Schaut man sich den Umgang der Regierungen mit dem Lissabonner Vertrag an, scheint die Bereitschaft nicht groß, die Bürger wirklich mitreden zu lassen.
Das ist in der Tat so. Gerade deshalb wäre es so wichtig, dass die Bürgerinitiative als Instrument der direkten Beteiligung der Menschen am europäischen Geschehen und Gesetzgebungsprozess so schnell wie möglich Wirklichkeit wird. Diese Möglichkeit sieht der Vertrag von Lissabon vor. Sollte er in Kraft treten, wird es für die Regierungen wesentlich schwieriger, sich dem Bürgerwillen einfach zu widersetzen. Tritt der Vertrag nicht in Kraft, wird die Bürgerinitiative in weite Ferne geschoben.
Wer kann überhaupt eine Bürgerinitiative starten?

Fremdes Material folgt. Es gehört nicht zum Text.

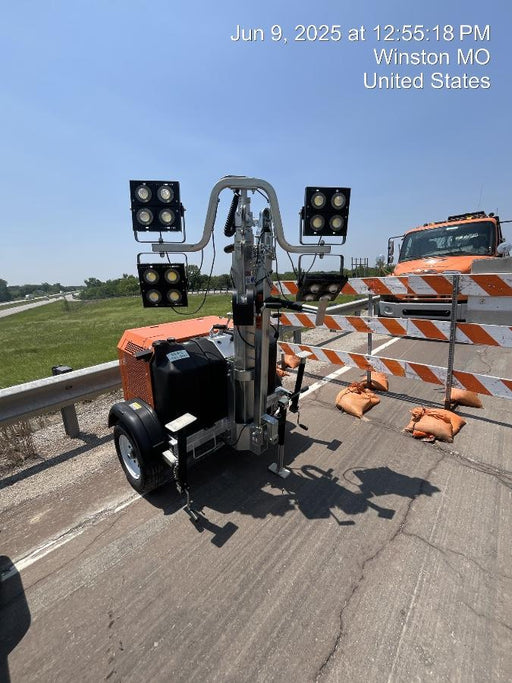 2024 WANCO WLTT-4MM4K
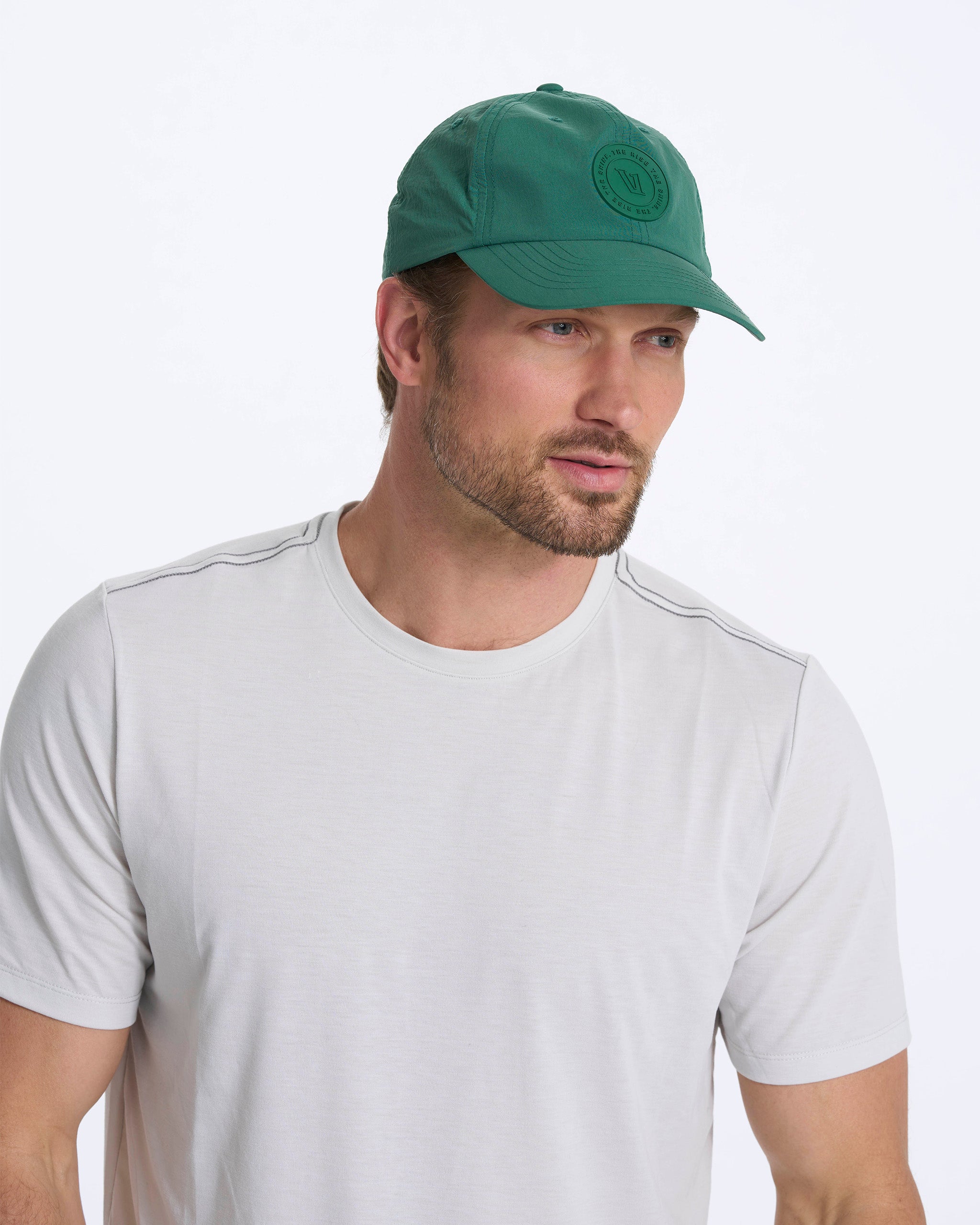 The Shine Hat | Cactus - Image 4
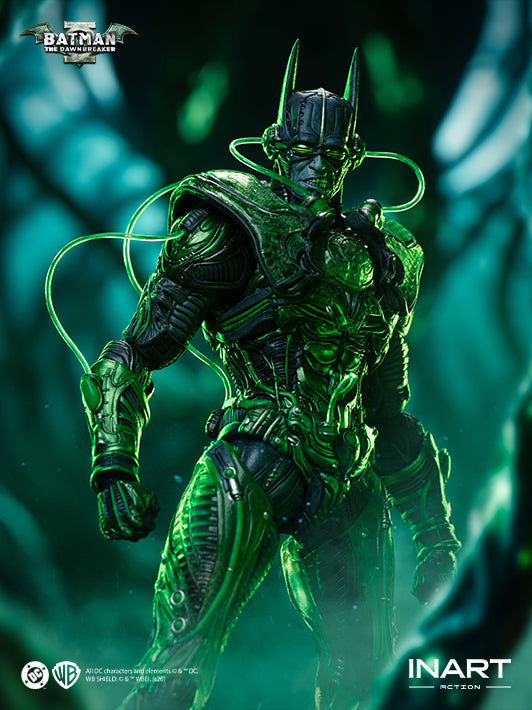 INART – The Dawnbreaker  (Dark Nights: Metal - Batman) Action Figure (Pre-Order)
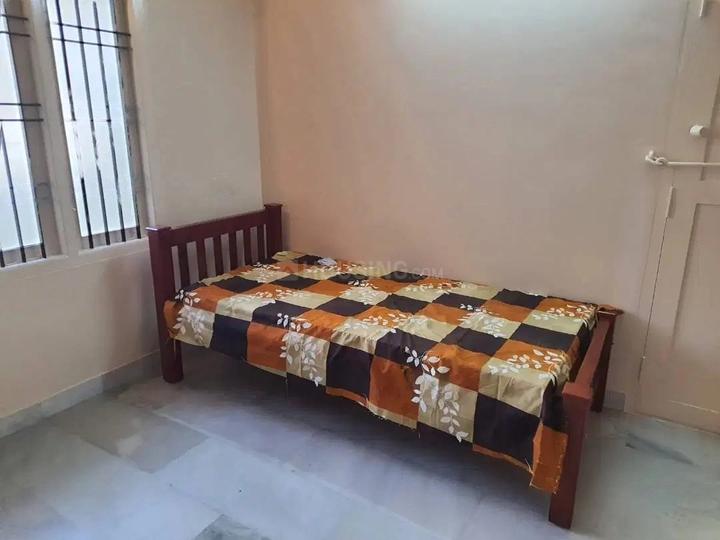 Maradu Bedroom 1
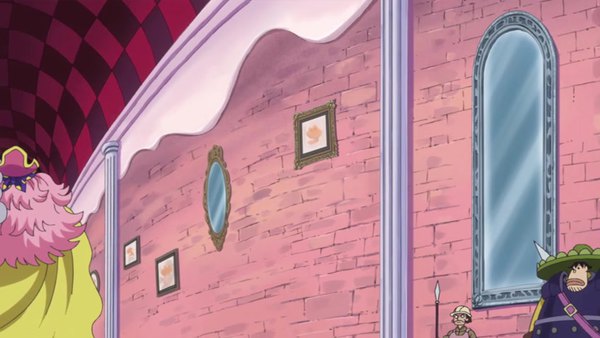 One Piece Episode 802 info and links where to watch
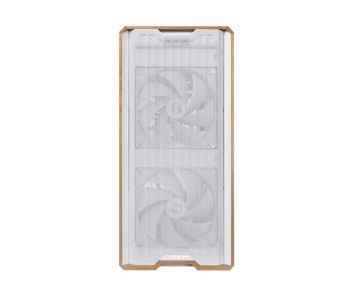 LIAN LI LANCOOL 217 WH Computer Case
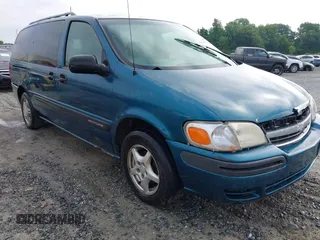 2003 Chevrolet Venture Y3G Mobility z VIN 1GNDX03E73D105790, wystawiony jako IAAI lot #42298564 z przebiegiem 159 444 mil mil oraz . Historia ofert i sprzedaży dostępna na DreamBid. Obrazek 6.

Jede Bürgerin und jeder Bürger hat individuell das Recht, eine solche Initiative auf den Weg zu bringen oder zu unterstützen. Zumeist werden sicherlich mehrere Personen zusammen eine Kampagne organisieren – sie muss ja länderübergreifend sein. Aus diesem Grunde müssen Bürgerinitiativen auch finanzielle Unterstützung erhalten können. Ebenso wichtig ist umgekehrt die Gewährleistung umfassender Transparenz. Es muss klar sein, wer Geld in eine solche Initiative gesteckt hat. Das ist auch für deren Bewertung wichtig. Man kann sich nämlich durchaus vorstellen, dass etwa große Konzerne »ihre Leute« in die Spur schicken, um eine bestimmte Gesetzgebung zu initiieren.
Auch Rechtsextreme werden versuchen, ihre Ziele mit der Bürgerinitiative durchzusetzen.
Bereits in der allerersten Ausschussdebatte hat sich gezeigt, dass viele Kolleginnen und Kollegen Sorge vor einem Missbrauch der Bürgerinitiative haben. Noch dazu vor dem Hintergrund, dass dieses Instrument direkter Demokratie in den meisten EU-Staaten gar nicht existiert. Ich bin froh darüber, dass ich diese Sorge zum Teil ausräumen konnte. Bereits durch das Erfordernis von einer Million Unterstützerinnen und Unterstützern aus mindestens einem Viertel der Mitgliedstaaten wird die Gefahr des Missbrauchs stark verringert. Zudem muss jede Initiative die Werte und Grundrechte der Union achten.
Bei welchen Themen sind Unterschriftenaktionen denkbar?
Es gab bereits eine Reihe solcher Aktionen, beispielsweise die Kampagne für ein europäisches Gesetz zum Schutz von Menschen mit Behinderungen. Allerdings gab es für den Umgang damit noch keine rechtliche Grundlage. Als ein zentrales Thema der allernächsten Zukunft könnte ich mir die Änderung der Entsenderichtlinie vorstellen, um überall in der EU gleiche Rechte der Arbeitnehmerinnen und Arbeitnehmer bei Löhnen und Sozialschutz zu erreichen.
Sollte sich die Linke dafür einsetzen, dass die Bürgerinitiative unabhängig vom Lissabonner Vertrag Realität wird?
Unbedingt. Die Bürgerinitiative gehört für mich zu den wichtigsten Fortschritten, die vom Verfassungskonvent vor bereits über fünf Jahren vorgeschlagen wurden. Es muss mehr Druck gemacht werden, damit sie endlich Realität wird. Für mich ist die Bürgerinitiative zudem der Türöffner auf dem Weg zu einem umfassenden System supranationaler direkter Demokratie in der EU.